ASSIGNED TASK:
Pictures excluded, output exactly the lines from the one containing "Young Woman Lying" through the last line of the listing below.
Segment Start: INFORMATION SHOWN
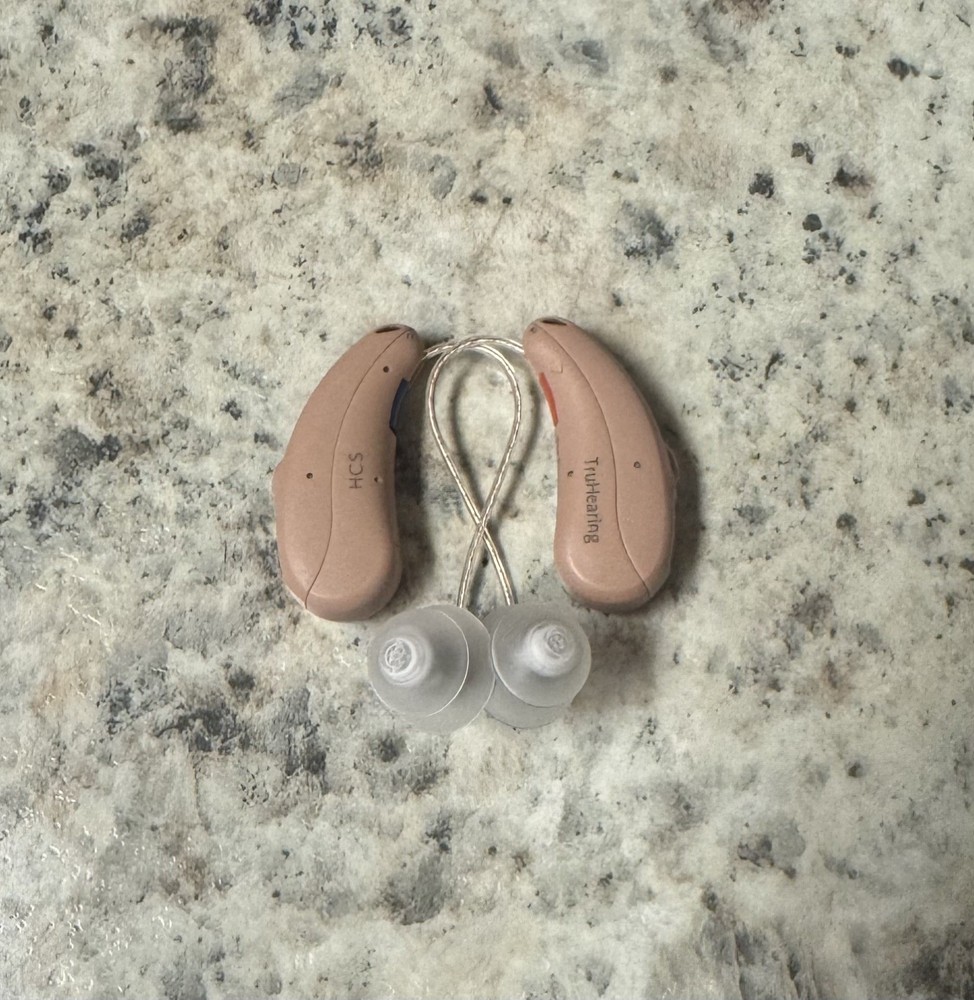 used beige Truhearing premium hearing aids behind the ear with charging case
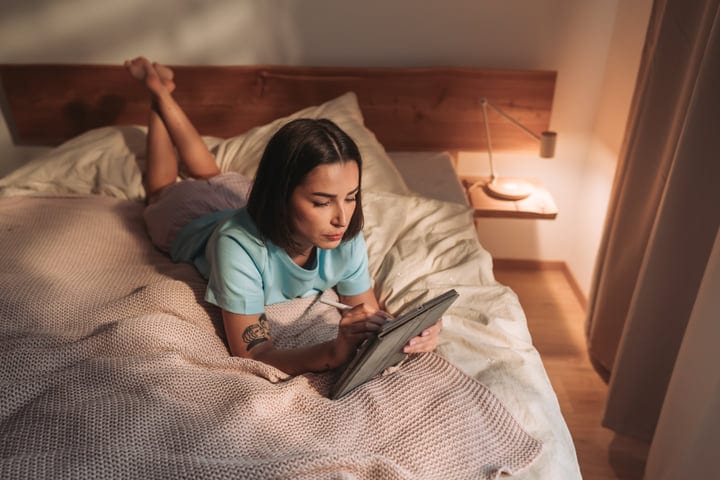Young Woman Lying In Bed Using Digital Tablet With Stylus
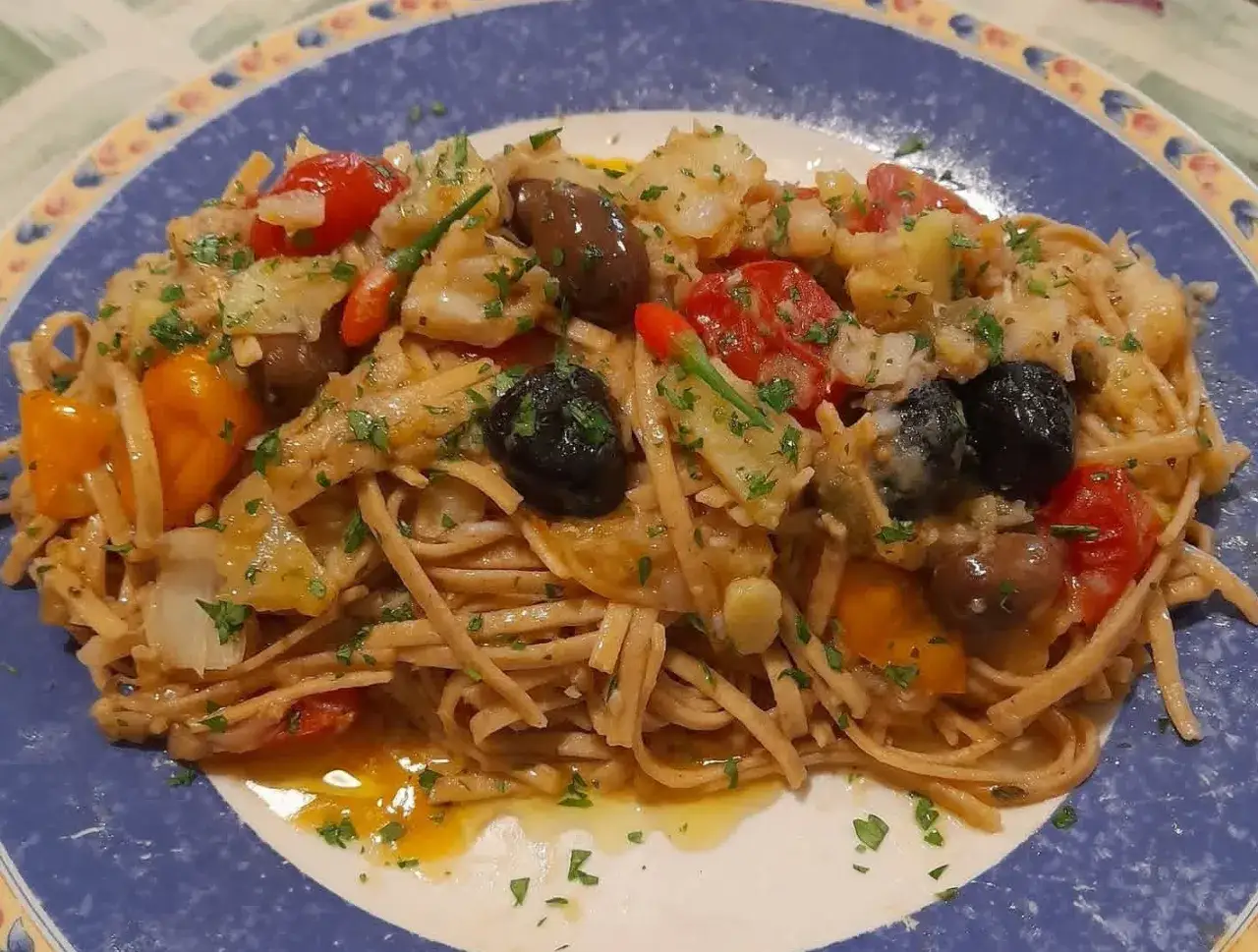 Pasta integrale con pesce, pomodorini, olive e peperoni: un sapore autentico di mangiare calabrese.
Segment End: INFORMATION SHOWN
WRITTEN SOLUTION:
Young Woman Lying In Bed Using Digital Tablet With Stylus
 Pasta integrale con pesce, pomodorini, olive e peperoni: un sapore autentico di mangiare calabrese.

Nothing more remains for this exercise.